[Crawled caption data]
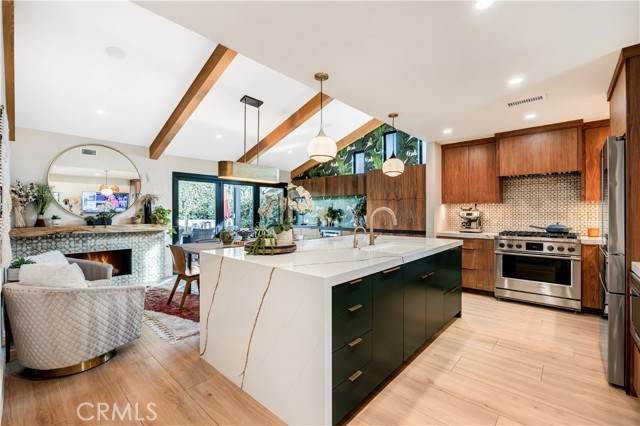 187 Shattuck Place - Photo 1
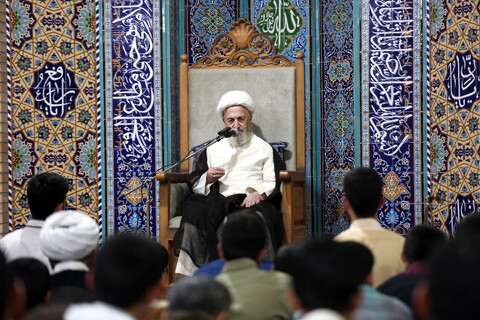 تصاویر/ درس اخلاق آیت‌الله العظمی سبحانی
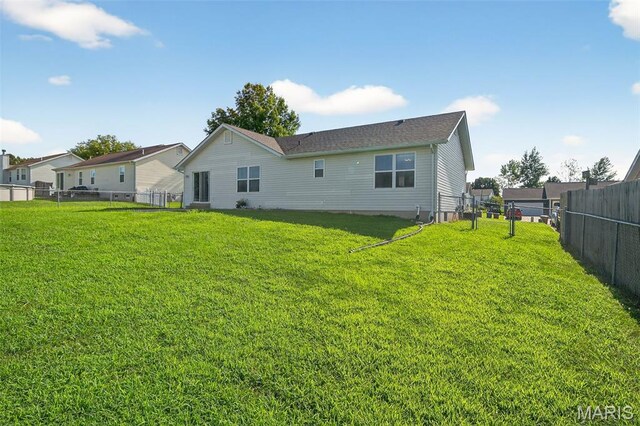 51 N Camelot Dr, Troy, MO 63379 - photo 34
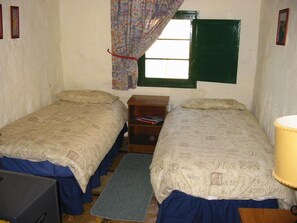 3 bedrooms, iron/ironing board, Internet, bed sheets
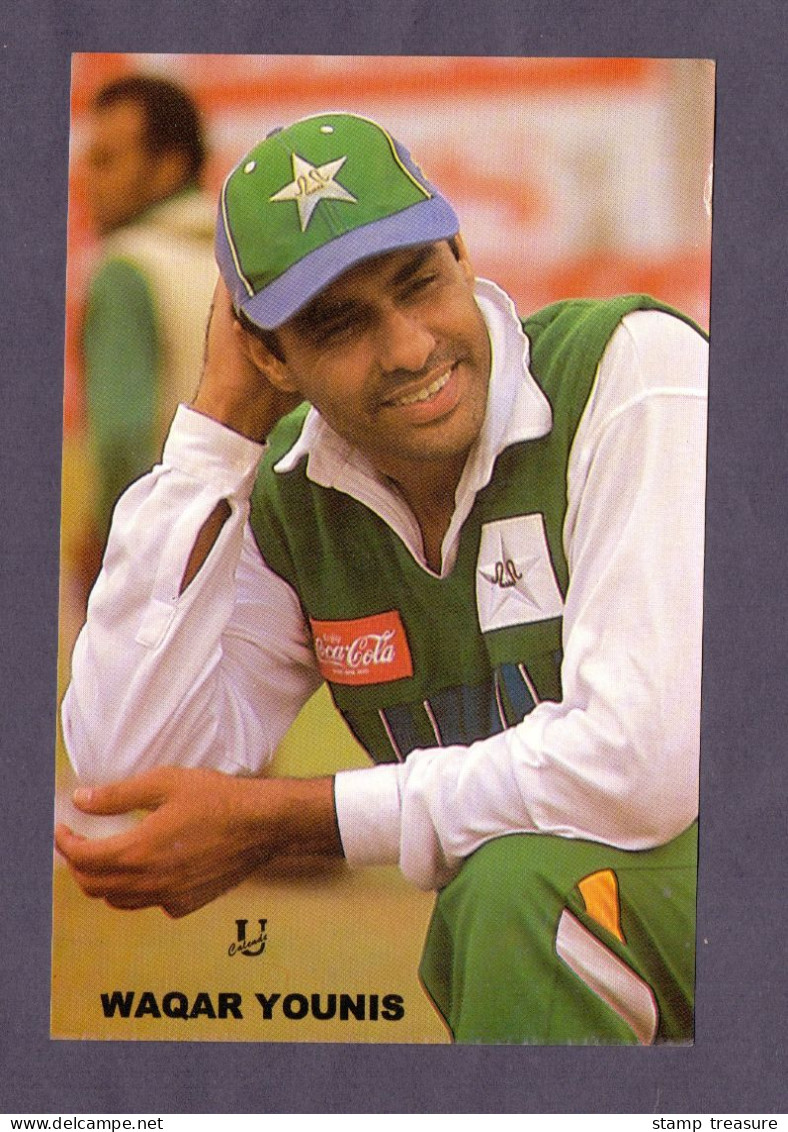 Waqar Younis (Pakistani Cricketer) Vintage Pakistani  PostCard (Universal) (THIN PAPER) - Críquet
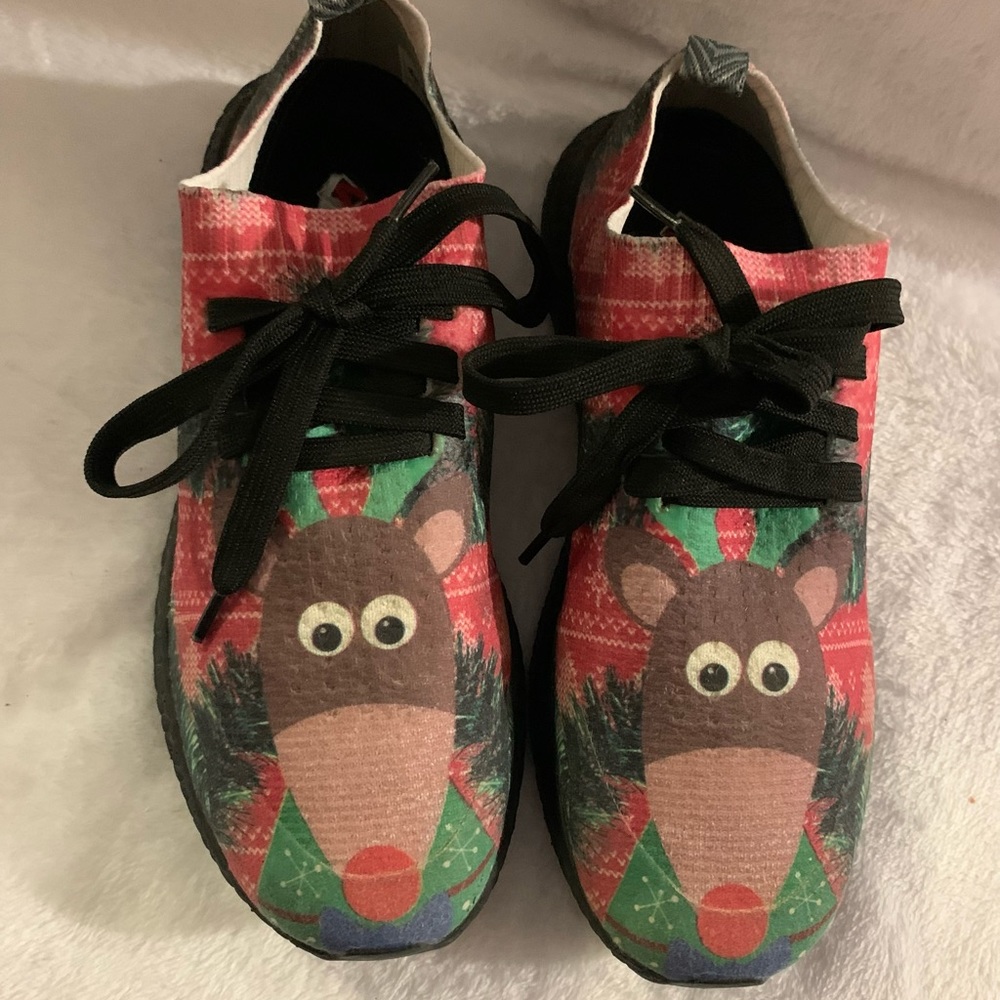 SKOR sneakers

▸ TASK TO CARRY OUT
The reply needs to repeat exactly the line containing "3 bedrooms, iron/ironing" and each line after it, through the final line of the entries above, and to skip the pictures.

▸ ANSWER
 3 bedrooms, iron/ironing board, Internet, bed sheets
 Waqar Younis (Pakistani Cricketer) Vintage Pakistani  PostCard (Universal) (THIN PAPER) - Críquet
 SKOR sneakers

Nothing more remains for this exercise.